=== Begin Enclosure ===

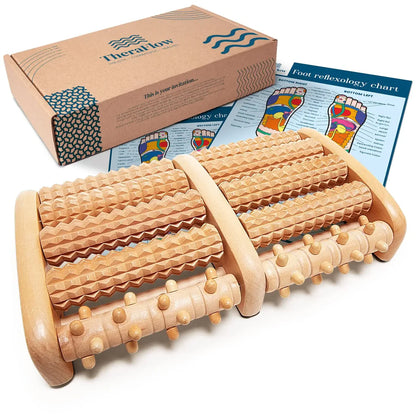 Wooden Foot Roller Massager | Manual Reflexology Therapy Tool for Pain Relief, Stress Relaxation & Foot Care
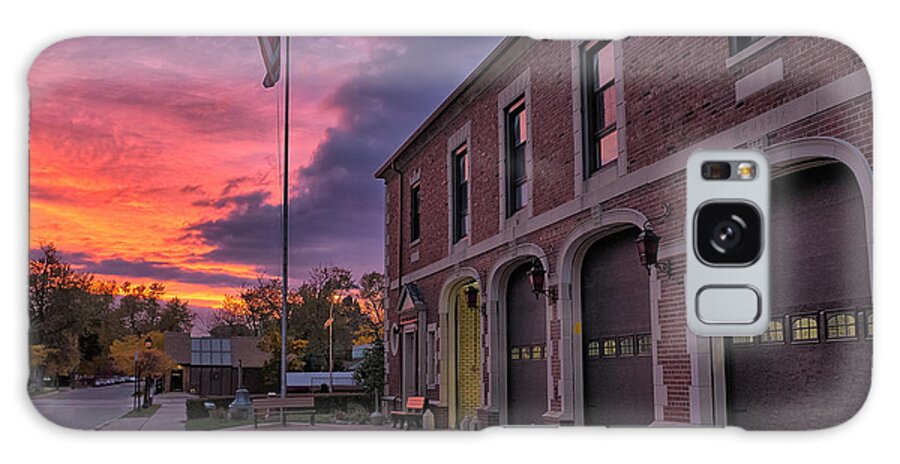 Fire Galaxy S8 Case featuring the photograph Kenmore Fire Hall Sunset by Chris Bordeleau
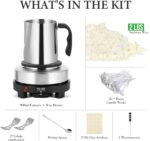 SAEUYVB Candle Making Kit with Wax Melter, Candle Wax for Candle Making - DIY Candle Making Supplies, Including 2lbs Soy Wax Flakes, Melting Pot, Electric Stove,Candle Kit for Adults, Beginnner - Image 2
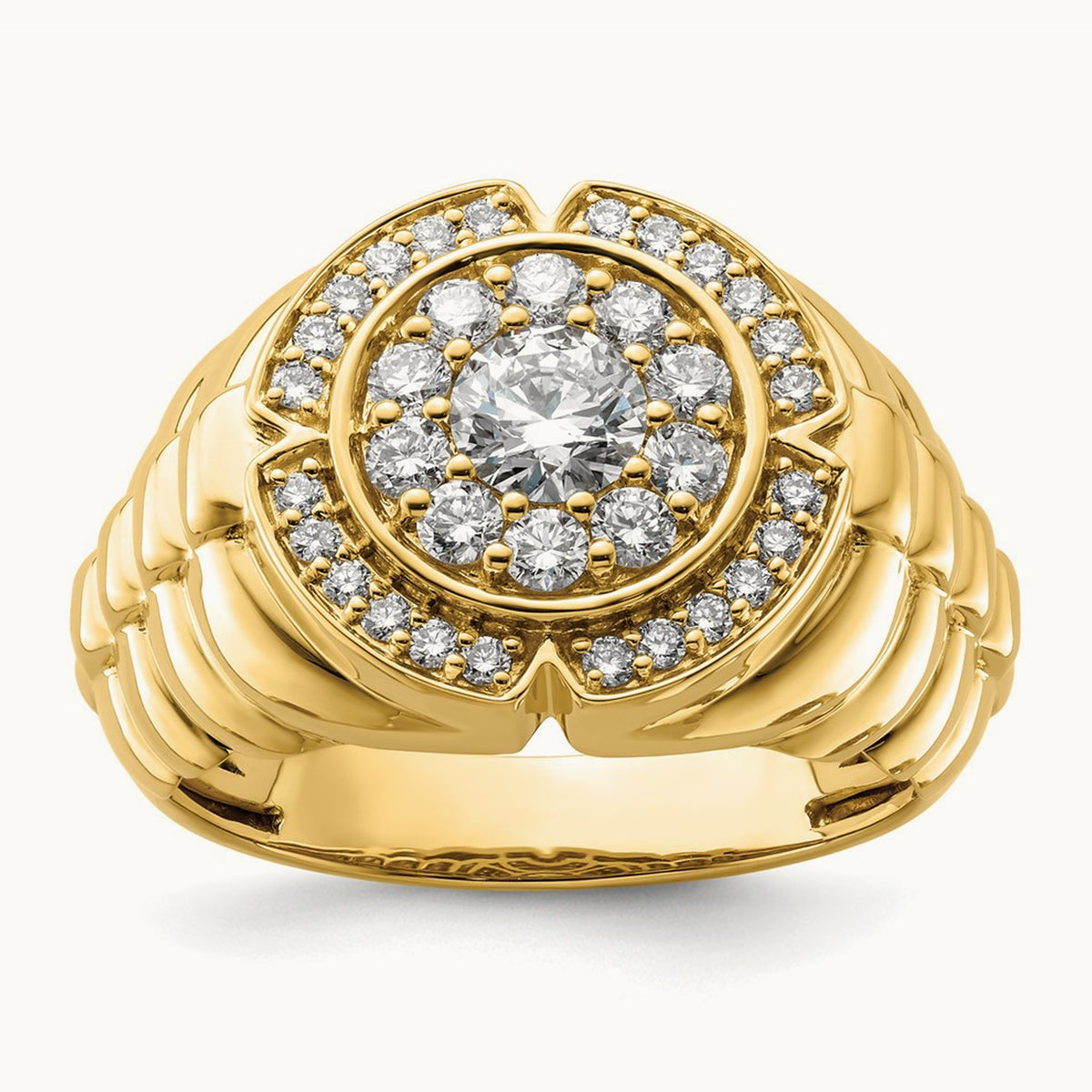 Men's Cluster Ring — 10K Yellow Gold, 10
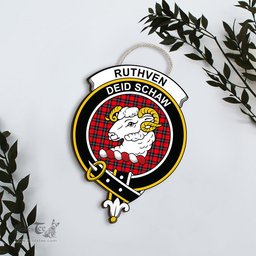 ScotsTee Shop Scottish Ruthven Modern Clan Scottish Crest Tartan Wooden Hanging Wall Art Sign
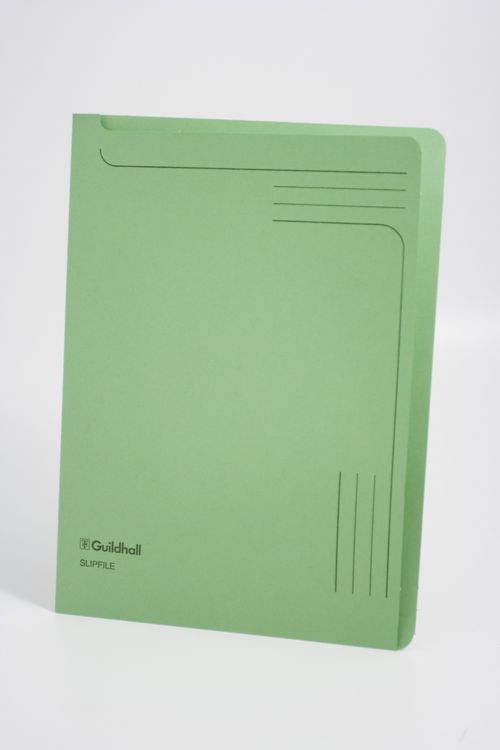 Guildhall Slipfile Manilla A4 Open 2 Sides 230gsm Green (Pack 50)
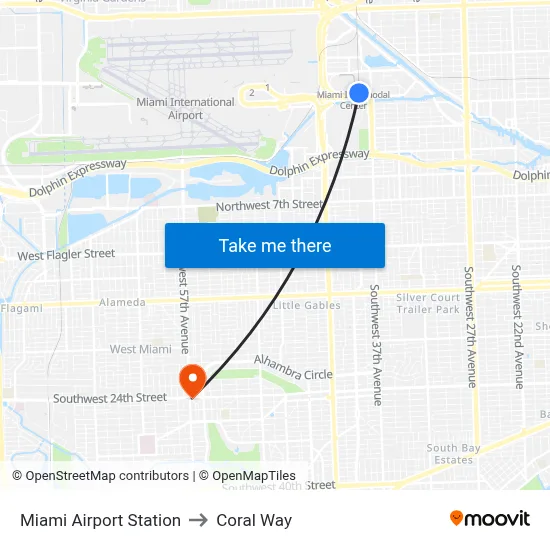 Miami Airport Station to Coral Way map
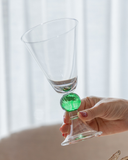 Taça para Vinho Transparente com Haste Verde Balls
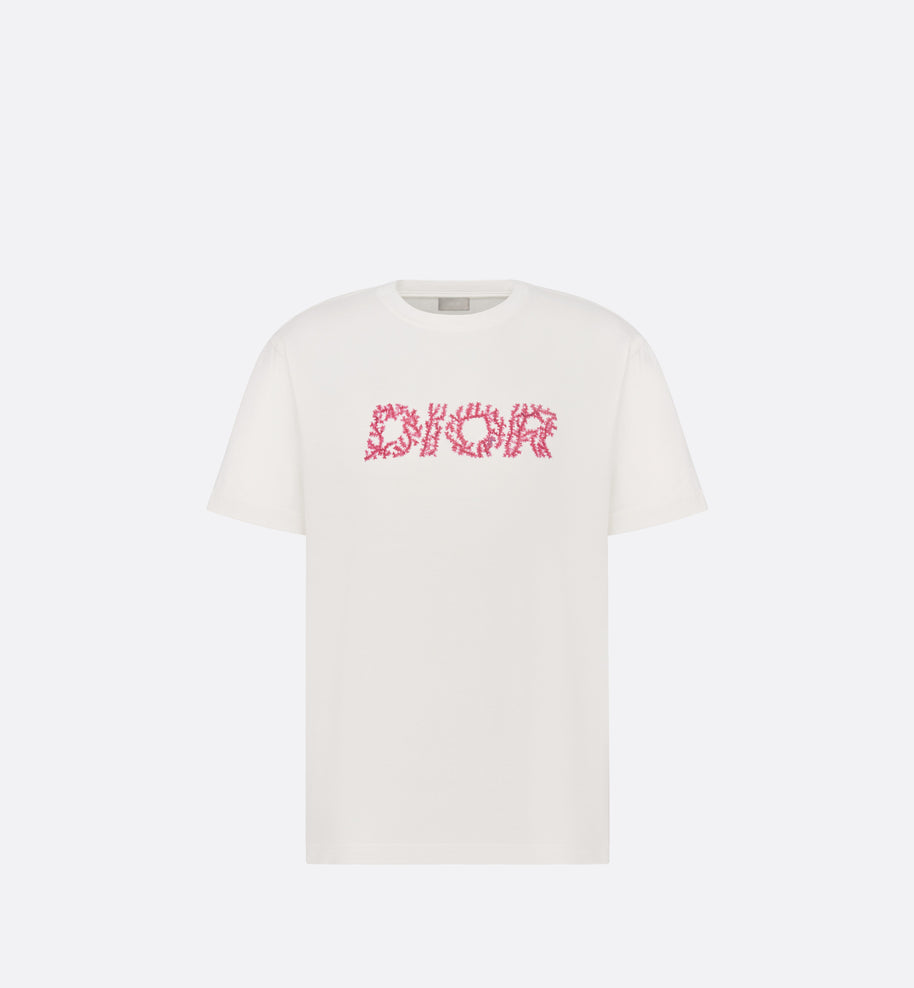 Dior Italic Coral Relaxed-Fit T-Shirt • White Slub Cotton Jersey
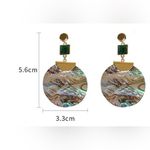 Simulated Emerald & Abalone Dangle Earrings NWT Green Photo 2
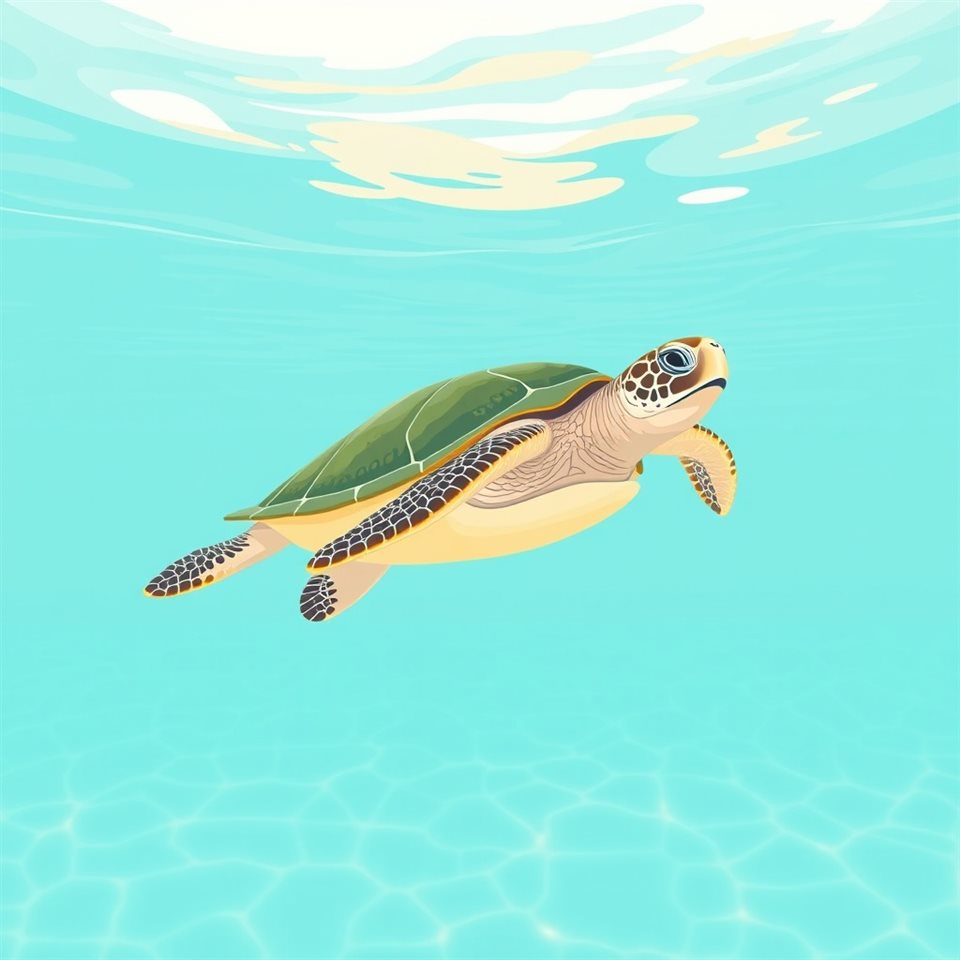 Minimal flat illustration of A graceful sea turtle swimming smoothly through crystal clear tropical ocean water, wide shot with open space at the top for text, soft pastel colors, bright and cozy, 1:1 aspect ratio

=== End Enclosure ===
=== Begin Enclosure ===

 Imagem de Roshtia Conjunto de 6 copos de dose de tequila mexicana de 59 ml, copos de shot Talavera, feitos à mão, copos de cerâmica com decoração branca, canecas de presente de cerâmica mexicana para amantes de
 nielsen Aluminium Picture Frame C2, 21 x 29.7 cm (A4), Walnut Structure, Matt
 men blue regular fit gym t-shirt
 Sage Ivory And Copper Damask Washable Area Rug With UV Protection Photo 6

=== End Enclosure ===

Problem to solve:
Above are the records; copy exactly the lines from the one with "Wooden Foot Roller" through the one with "ScotsTee Shop Scottish", including both, and nothing more. Leave out pictures.

Task solution:
 Wooden Foot Roller Massager | Manual Reflexology Therapy Tool for Pain Relief, Stress Relaxation & Foot Care
 Fire Galaxy S8 Case featuring the photograph Kenmore Fire Hall Sunset by Chris Bordeleau
 SAEUYVB Candle Making Kit with Wax Melter, Candle Wax for Candle Making - DIY Candle Making Supplies, Including 2lbs Soy Wax Flakes, Melting Pot, Electric Stove,Candle Kit for Adults, Beginnner - Image 2
 Men's Cluster Ring — 10K Yellow Gold, 10
 ScotsTee Shop Scottish Ruthven Modern Clan Scottish Crest Tartan Wooden Hanging Wall Art Sign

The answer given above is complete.